The activity of SPLAMs resembles that of IMiDs (immunomodulatory drugs). IMiDs are anticancer drugs that act as a “molecular glue,” bringing together the E3 ubiquitin ligase receptor cereblon and a variety of neosubstrates. In an analogous manner, SPLAM derivatives potentially could be used to target DCAF15 to novel neosubstrates that, like RBM39, are otherwise undruggable.

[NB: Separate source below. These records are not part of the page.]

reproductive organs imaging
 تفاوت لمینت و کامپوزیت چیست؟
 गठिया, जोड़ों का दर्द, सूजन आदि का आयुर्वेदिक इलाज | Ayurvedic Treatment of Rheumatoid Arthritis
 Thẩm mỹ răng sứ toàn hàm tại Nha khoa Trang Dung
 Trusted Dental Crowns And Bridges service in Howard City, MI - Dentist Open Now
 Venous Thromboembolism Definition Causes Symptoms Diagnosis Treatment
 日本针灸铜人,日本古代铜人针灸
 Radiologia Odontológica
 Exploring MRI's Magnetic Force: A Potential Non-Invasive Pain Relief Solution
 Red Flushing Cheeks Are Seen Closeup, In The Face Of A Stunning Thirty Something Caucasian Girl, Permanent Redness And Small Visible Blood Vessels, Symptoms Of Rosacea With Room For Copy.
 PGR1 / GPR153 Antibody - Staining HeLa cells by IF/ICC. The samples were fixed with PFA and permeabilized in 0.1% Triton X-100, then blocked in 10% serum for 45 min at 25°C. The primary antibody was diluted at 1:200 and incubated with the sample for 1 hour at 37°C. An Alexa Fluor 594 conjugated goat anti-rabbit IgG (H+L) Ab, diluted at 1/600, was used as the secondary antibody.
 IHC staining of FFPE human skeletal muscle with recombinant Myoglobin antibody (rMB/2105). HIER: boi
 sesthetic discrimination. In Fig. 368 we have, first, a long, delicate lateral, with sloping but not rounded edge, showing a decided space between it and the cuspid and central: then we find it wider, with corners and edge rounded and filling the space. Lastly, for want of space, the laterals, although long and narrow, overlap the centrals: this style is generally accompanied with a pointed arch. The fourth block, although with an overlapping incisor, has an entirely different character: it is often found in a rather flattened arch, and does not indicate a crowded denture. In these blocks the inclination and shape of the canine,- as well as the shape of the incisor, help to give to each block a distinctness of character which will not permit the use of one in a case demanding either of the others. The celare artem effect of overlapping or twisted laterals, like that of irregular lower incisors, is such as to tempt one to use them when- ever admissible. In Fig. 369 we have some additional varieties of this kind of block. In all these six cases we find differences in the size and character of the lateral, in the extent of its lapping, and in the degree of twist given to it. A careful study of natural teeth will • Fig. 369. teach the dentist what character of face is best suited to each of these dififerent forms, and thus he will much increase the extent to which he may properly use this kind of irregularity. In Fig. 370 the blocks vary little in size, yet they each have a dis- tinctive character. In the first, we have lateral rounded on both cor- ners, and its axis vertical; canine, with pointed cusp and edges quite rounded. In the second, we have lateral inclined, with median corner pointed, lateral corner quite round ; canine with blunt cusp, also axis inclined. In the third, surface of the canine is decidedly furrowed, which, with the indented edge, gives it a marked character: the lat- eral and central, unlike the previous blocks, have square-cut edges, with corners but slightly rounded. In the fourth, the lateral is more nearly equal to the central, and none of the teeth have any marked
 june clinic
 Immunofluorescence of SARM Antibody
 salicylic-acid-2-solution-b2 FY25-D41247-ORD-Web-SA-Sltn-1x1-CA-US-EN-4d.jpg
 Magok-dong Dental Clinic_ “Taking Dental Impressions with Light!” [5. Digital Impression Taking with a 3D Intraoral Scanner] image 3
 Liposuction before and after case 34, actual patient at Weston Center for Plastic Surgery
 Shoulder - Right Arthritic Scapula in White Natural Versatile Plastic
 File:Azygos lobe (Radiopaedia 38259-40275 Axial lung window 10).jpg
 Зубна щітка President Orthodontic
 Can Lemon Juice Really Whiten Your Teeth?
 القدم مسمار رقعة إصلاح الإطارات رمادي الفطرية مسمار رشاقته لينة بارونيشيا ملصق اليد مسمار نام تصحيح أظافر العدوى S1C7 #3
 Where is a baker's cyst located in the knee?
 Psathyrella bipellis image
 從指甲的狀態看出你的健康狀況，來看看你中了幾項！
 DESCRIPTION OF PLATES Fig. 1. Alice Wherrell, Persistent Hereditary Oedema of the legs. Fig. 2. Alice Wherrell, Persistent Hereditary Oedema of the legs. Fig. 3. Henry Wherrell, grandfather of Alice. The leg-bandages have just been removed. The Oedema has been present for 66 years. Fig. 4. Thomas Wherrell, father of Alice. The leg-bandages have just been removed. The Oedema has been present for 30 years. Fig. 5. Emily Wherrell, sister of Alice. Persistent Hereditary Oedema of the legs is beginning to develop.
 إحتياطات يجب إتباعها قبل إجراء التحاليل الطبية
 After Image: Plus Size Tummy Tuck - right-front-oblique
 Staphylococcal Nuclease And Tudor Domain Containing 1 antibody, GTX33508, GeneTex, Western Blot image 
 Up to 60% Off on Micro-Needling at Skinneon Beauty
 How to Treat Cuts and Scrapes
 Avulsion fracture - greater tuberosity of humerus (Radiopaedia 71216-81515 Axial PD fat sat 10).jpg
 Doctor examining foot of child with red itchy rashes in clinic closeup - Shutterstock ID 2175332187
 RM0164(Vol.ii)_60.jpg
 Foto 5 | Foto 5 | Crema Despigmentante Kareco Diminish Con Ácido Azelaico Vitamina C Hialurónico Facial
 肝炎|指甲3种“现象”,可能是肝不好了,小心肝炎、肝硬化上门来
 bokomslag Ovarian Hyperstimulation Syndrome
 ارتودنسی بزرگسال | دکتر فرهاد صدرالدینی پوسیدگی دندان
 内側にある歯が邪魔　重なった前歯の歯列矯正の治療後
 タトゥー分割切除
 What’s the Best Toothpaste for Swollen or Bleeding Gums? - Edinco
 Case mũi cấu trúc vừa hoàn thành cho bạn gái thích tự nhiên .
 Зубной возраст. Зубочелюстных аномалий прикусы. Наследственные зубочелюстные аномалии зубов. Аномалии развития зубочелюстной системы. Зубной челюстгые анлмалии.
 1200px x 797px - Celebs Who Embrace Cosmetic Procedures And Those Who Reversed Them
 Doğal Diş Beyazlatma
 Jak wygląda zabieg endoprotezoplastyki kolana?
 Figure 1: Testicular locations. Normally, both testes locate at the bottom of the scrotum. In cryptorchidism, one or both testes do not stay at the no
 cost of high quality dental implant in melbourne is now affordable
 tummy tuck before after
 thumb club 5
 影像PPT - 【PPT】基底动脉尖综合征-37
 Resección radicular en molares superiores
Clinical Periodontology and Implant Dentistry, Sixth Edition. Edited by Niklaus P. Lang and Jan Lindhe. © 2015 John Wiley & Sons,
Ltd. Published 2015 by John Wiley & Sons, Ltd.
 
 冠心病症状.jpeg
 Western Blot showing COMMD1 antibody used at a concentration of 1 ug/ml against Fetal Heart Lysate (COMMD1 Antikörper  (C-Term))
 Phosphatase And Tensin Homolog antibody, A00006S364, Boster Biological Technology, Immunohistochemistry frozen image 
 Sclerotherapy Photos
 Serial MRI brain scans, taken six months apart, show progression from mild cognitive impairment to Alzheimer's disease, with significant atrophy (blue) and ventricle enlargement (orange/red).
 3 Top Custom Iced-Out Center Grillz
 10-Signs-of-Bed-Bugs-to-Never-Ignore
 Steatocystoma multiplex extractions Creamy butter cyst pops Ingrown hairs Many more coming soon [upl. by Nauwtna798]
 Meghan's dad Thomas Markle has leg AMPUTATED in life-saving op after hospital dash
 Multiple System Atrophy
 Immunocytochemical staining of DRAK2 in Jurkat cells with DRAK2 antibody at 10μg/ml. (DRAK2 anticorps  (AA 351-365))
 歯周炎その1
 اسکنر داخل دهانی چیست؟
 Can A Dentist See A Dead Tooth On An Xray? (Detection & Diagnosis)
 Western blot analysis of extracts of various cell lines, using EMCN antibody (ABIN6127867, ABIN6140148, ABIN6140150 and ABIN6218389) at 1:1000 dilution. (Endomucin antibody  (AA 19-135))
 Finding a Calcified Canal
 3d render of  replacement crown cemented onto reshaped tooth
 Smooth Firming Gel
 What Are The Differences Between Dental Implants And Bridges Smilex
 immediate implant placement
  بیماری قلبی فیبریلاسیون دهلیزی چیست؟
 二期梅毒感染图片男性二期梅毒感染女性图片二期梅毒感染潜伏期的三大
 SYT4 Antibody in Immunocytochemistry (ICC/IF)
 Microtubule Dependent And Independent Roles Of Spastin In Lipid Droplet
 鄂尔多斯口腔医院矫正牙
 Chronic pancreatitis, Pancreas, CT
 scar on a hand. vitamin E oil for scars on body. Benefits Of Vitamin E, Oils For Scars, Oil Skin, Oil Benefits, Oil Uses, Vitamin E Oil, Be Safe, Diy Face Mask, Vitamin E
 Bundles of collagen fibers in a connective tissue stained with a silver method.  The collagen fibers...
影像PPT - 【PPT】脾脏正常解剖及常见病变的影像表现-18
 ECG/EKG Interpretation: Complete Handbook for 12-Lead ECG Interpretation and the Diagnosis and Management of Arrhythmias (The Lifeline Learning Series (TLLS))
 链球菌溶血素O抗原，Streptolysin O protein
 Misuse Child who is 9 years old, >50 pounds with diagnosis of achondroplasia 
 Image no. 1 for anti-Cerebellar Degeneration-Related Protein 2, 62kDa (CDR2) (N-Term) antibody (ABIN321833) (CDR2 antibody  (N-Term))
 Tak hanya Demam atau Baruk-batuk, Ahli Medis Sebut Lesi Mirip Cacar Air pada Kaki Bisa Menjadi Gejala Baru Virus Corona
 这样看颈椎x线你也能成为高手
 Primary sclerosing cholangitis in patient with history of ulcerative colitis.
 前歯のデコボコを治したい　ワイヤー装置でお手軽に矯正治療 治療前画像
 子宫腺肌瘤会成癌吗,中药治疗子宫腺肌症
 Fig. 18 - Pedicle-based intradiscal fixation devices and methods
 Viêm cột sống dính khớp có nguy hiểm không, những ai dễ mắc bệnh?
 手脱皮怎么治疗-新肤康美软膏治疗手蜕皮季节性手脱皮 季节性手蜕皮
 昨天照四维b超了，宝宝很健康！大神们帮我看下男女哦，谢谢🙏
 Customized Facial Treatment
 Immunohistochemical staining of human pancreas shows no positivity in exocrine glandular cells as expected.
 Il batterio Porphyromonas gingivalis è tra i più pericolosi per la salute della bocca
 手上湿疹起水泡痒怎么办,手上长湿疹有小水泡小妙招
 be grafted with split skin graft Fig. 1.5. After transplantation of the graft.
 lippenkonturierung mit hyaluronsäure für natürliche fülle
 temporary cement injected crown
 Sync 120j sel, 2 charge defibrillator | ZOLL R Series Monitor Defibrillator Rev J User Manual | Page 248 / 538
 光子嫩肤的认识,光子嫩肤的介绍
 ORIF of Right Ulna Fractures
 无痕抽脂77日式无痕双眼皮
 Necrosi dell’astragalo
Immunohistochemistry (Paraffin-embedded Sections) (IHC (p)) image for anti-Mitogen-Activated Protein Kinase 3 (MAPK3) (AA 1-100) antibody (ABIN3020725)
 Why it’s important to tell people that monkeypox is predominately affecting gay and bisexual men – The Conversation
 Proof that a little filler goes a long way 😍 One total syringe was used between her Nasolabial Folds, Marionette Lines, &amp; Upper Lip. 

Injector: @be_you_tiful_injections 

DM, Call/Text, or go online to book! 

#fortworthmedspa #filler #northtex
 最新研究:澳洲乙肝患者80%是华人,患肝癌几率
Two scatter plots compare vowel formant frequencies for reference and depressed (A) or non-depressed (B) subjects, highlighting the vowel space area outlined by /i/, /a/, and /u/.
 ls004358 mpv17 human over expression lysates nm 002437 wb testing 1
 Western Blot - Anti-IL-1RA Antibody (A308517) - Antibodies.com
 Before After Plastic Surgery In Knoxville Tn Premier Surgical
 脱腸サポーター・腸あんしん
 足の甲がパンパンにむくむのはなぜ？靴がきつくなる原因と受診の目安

Indisulam is an aryl sulfonamide drug with selective anticancer activity. Its mechanism of action and the basis for its selectivity have so far been unknown. Here we show that indisulam promotes the recruitment of RBM39 (RNA binding motif protein 39) to the CUL4-DCAF15 E3 ubiquitin ligase, leading to RBM39 polyubiquitination and proteasomal degradation. Mutations in RBM39 that prevent its recruitment to CUL4-DCAF15 increase RBM39 stability and confer resistance to indisulam’s cytotoxicity. RBM39 associates with precursor messenger RNA (pre-mRNA) splicing factors, and inactivation of RBM39 by indisulam causes aberrant pre-mRNA splicing. Many cancer cell lines derived from hematopoietic and lymphoid lineages are sensitive to indisulam, and their sensitivity correlates with DCAF15 expression levels. Two other clinically tested sulfonamides, tasisulam and chloroquinoxaline sulfonamide, share the same mechanism of action as indisulam. We propose that DCAF15 expression may be a useful biomarker to guide clinical trials of this class of drugs, which we refer to as SPLAMs (splicing inhibitor sulfonamides).